START The data
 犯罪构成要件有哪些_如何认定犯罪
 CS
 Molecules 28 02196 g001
END The data
START The data
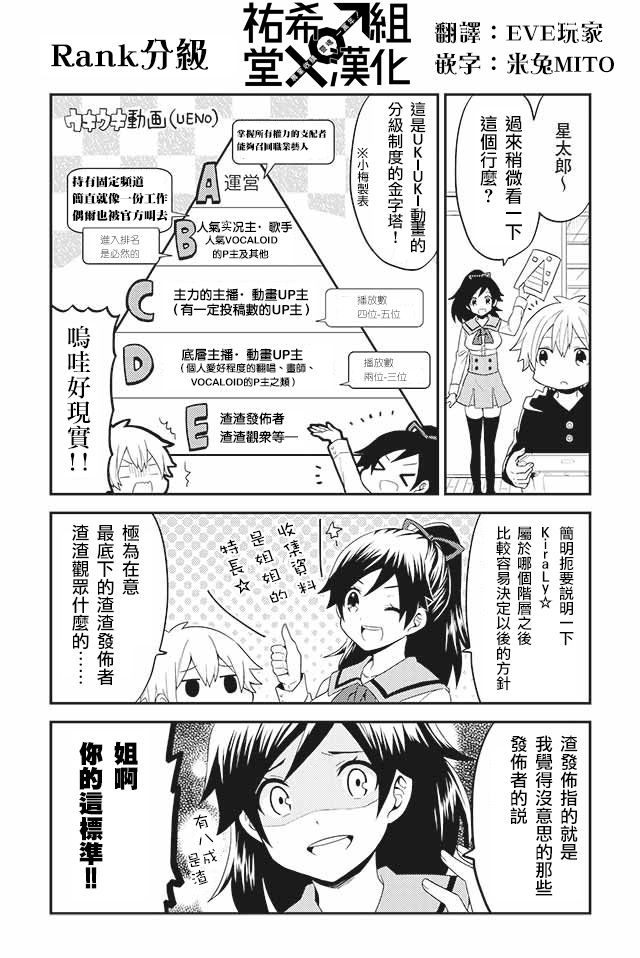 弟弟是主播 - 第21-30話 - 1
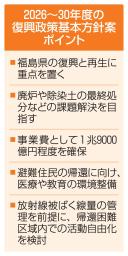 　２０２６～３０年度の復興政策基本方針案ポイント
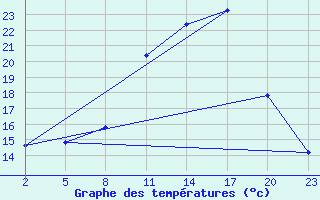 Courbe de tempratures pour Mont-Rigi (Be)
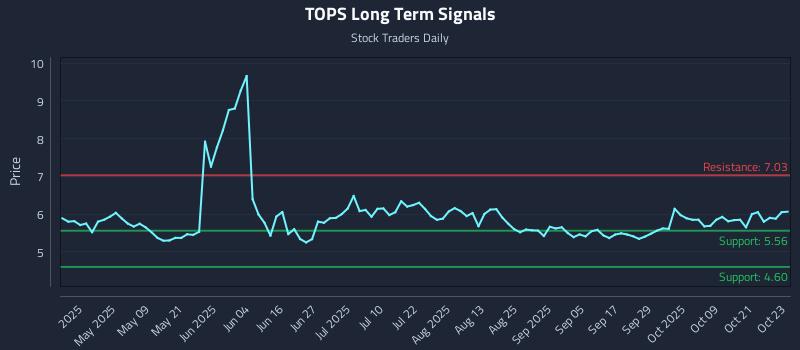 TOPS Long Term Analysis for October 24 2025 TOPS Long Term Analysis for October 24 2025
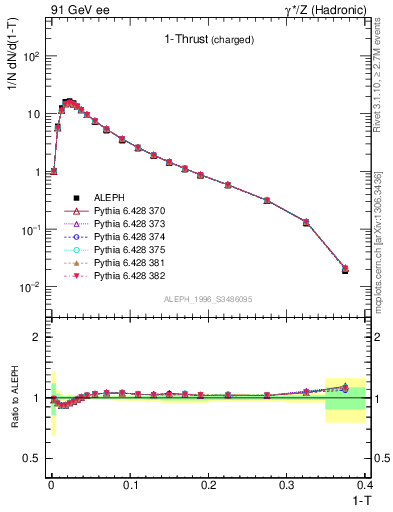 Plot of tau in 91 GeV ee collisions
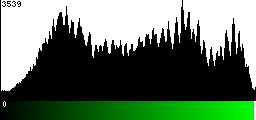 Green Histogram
END The data
START The data
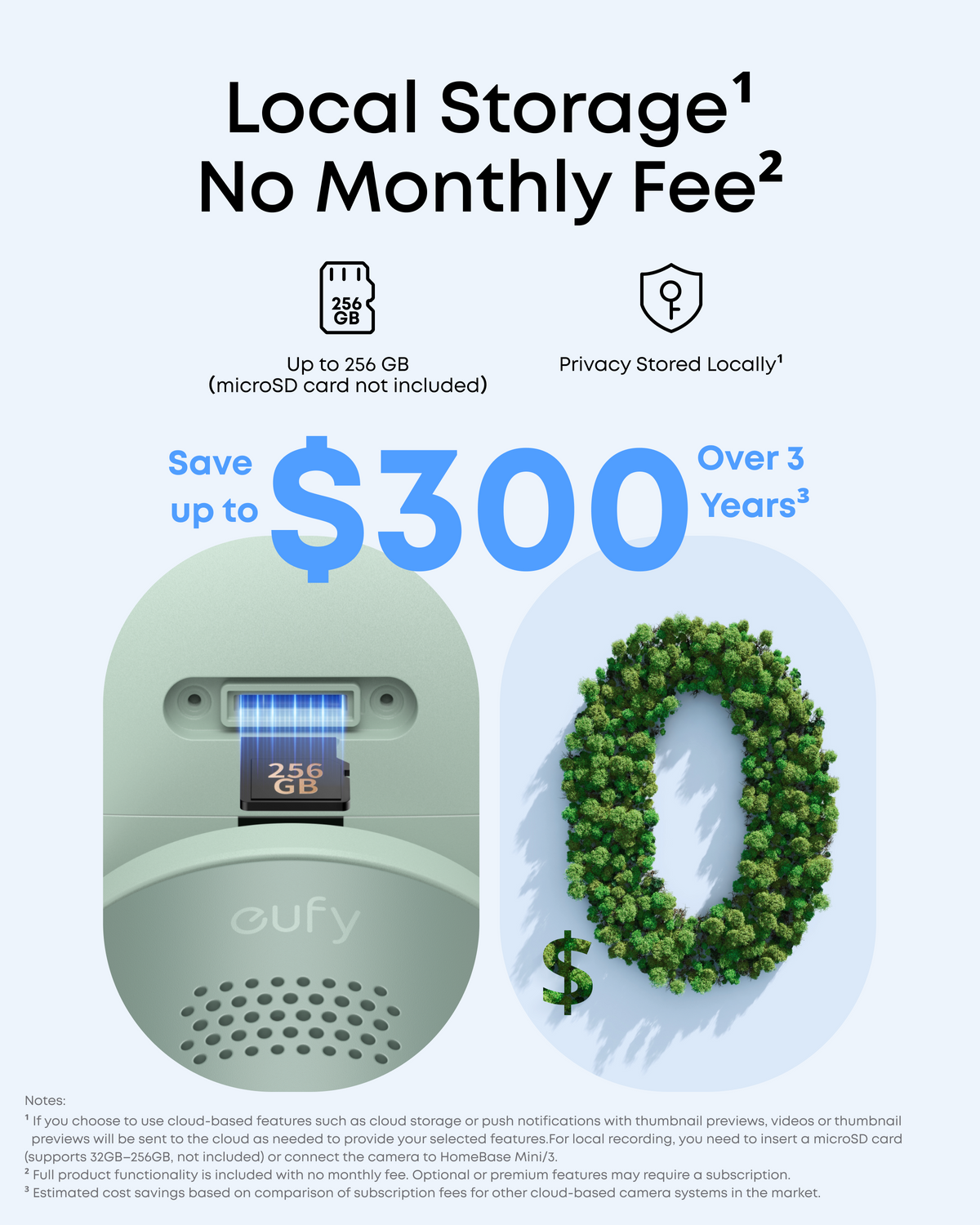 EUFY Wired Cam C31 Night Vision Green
END The data
_What you should do_
Go back to the listing above and write out the lines starting at the one with "Courbe de tempratures pour Mont-Rigi (Be)" and ending at the one with "Green Histogram", inclusive, exactly and without pictures.

_Task output_
 Courbe de tempratures pour Mont-Rigi (Be)
 TOPS Long Term Analysis for October 24 2025 TOPS Long Term Analysis for October 24 2025
 Plot of tau in 91 GeV ee collisions
 Green Histogram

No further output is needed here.